Abstract: SA-PO960
Alanyl-Glutamine Decreases Cellular Injury and Enhances Cytoprotective Responses in Endothelial Cells During PD-Fluid Exposure
Session Information
- Peritoneal Dialysis: Inflammation, Peritoneal Transport
November 09, 2019 | Location: Exhibit Hall, Walter E. Washington Convention Center
Abstract Time: 10:00 AM - 12:00 PM
Category: Dialysis
- 703 Dialysis: Peritoneal Dialysis
Authors
- Herzog, Rebecca, Medical University of Vienna, Vienna, Austria
- Bartosova, Maria, Center for Pediatric and Adolescent Medicine, Heidelberg, Germany
- Schmitt, Claus peter, Centre for Pediatric and Adolescent Medicine, Heidelberg, Germany
- Aufricht, Christoph, Medical University of Vienna, Vienna, Austria
- Kratochwill, Klaus, Medical University of Vienna, Vienna, Austria
Background
Vasculopathy, hypervascularization, and diabetes-like damage of vessels are important factors limiting peritoneal dialysis (PD). The composition of all currently available PD fluids (PDF) leads to morphological and functional changes in the peritoneal membrane in adults and infants. During PDF exposure, relevant cellular pathomechanisms might be similar to those in hyperglycaemic diabetic conditions. This study focuses on omics-based characterization of endothelial cell injury and stress responses with or without addition of alanyl-glutamine (AlaGln).
Methods
Protein profiles of primary human umbilical vein endothelial cells (HUVEC) exposed to medium-diluted conventional PDF with or without 8mM AlaGln were analysed by gel-based proteomics. Cell damage was assessed by quantification of lactate-dehydrogenase (LDH) release. Microdissected omental arterioles of children treated with conventional PDFs and healthy controls were analysed with quantitative multiplex mass spectrometry. In-vitro findings were related to PD-induced arteriolar changes based on abundance profiles of proteins identified in both proteomic analyses.
Results
Marked cellular injury of HUVEC after PDF exposure was associated with a molecular landscape of the enriched biological process clusters ‘glucose catabolic process’, ‘cell redox homeostasis’, ‘RNA metabolic process’, ‘protein folding’, ‘regulation of cell death’, and ‘actin cytoskeleton reorganization’ that characterize PDF cytotoxicity and counteracting cellular repair process respectively.

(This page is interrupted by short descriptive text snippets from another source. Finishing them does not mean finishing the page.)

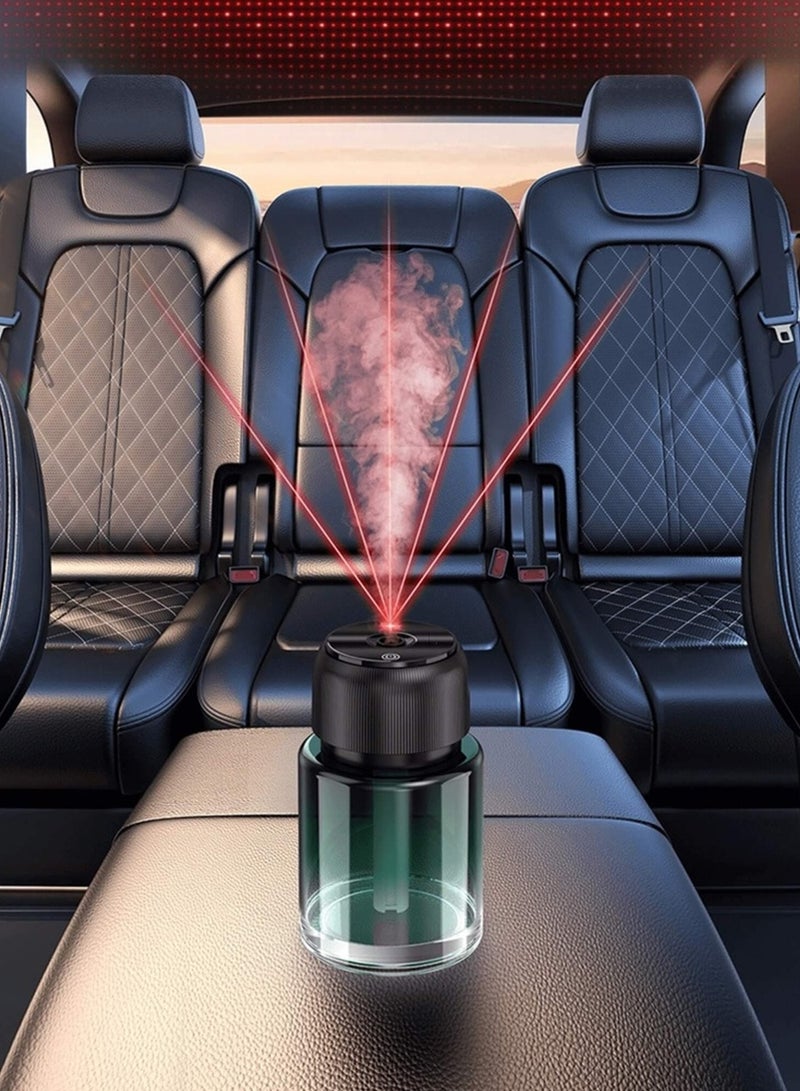 دبليو تيك معطر سيارات ذكي للجميع Rechargeable Air Freshener Mist Dispenser مع تشغيل/إيقاف تلقائي، ديكور داخلي أنيق - أسود - Image 5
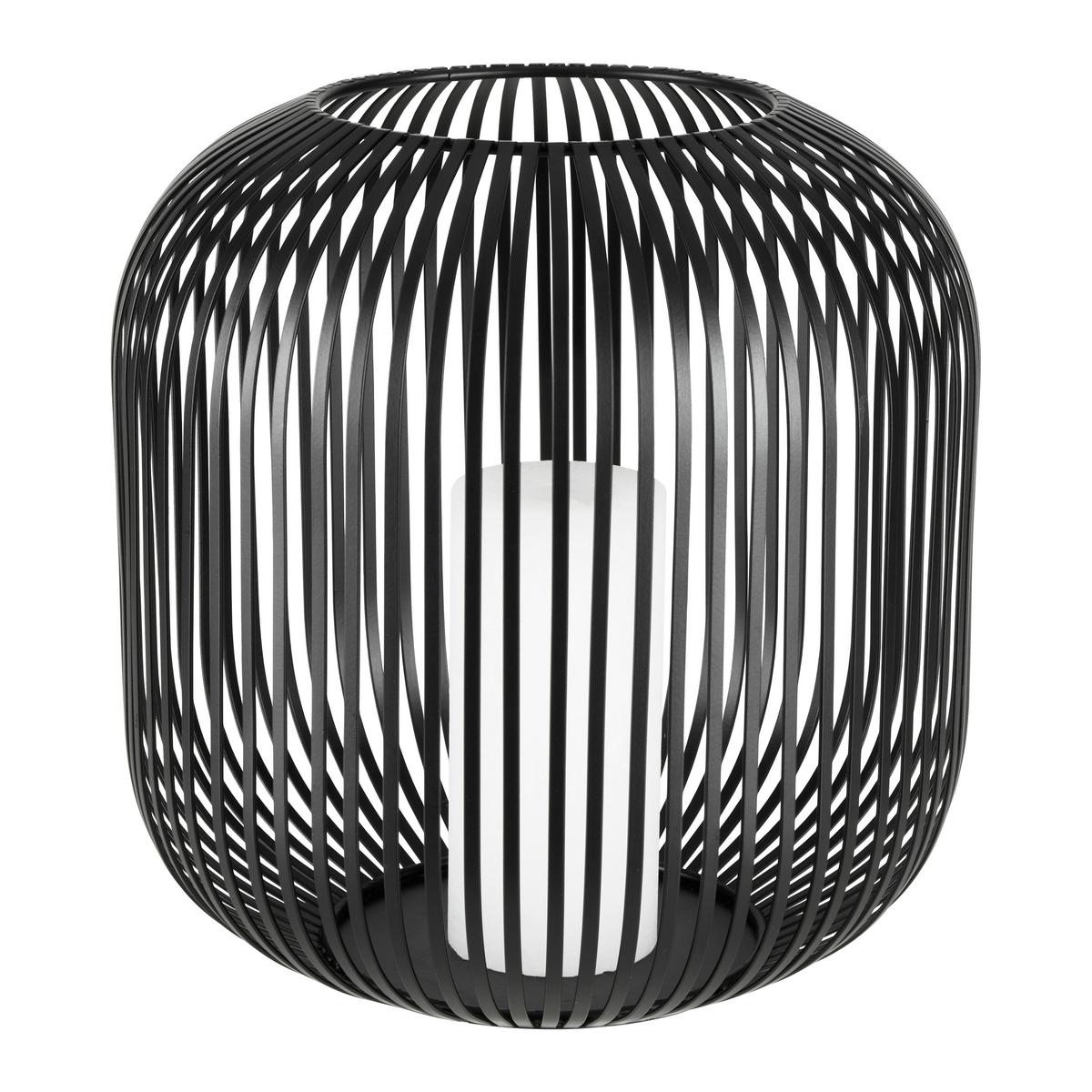 Lampáš Jola,P/V:27/27,5cm,čierna - čierna, kov (27/27,5cm) - Premium Living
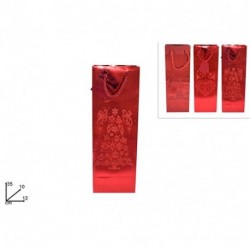 SHOPPER IN CARTA 35X12X10CM NATALE METAL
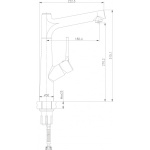Ορειχάλκινη μπαταρία KITCHEN LINE ICF 7163445C ΧΡΩΜΙΟ - Image 2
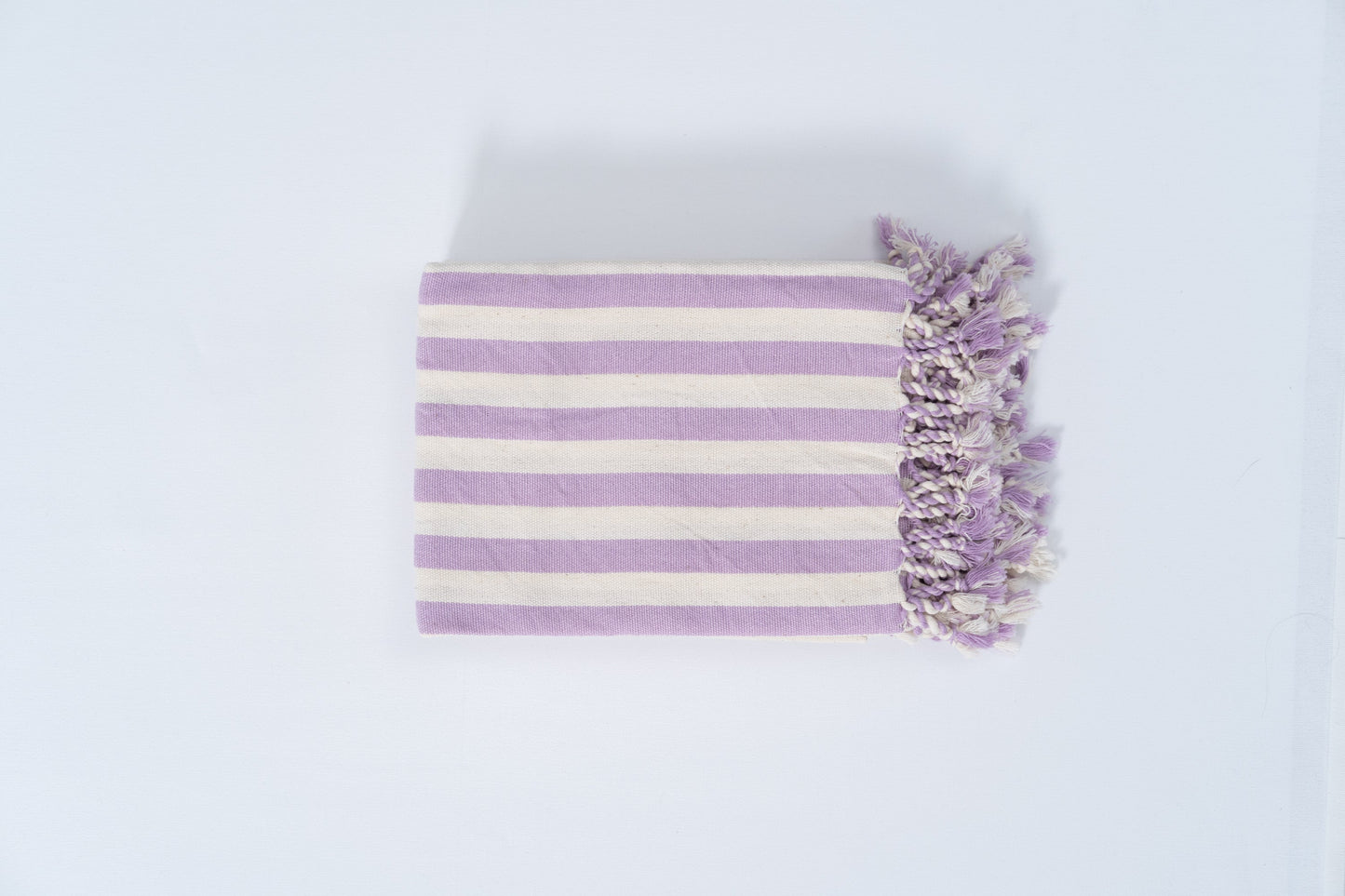 Girit Lilac Cotton Linen Towel - Hand Hair Towel 17"x30") (23'' x 30'' (55 cm x 76 cm) - Towels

Addition of AlaGln to PDF preserved endothelial cell integrity shown by significantly decreased LDH-release and by restored control levels of proteins in PDF perturbed processes, especially enhancing protein folding capacity and response to stress. Comparison to human arterioles confirmed overlapping protein regulation between endothelial cells in-vitro and in-vivo, proving harmful effects of PDFs on endothelial cells leading to drastic changes of the cellular process landscape. Cellular damage and proteome changes in HUVEC were counteracted by AlaGln in-vitro.
Conclusion
In summary, this study elucidates potential mechanisms by which AlaGln exerts cytoprotective effects in PD-induced endothelial cell damage, offering therapeutic targets to reduce side effects of PD.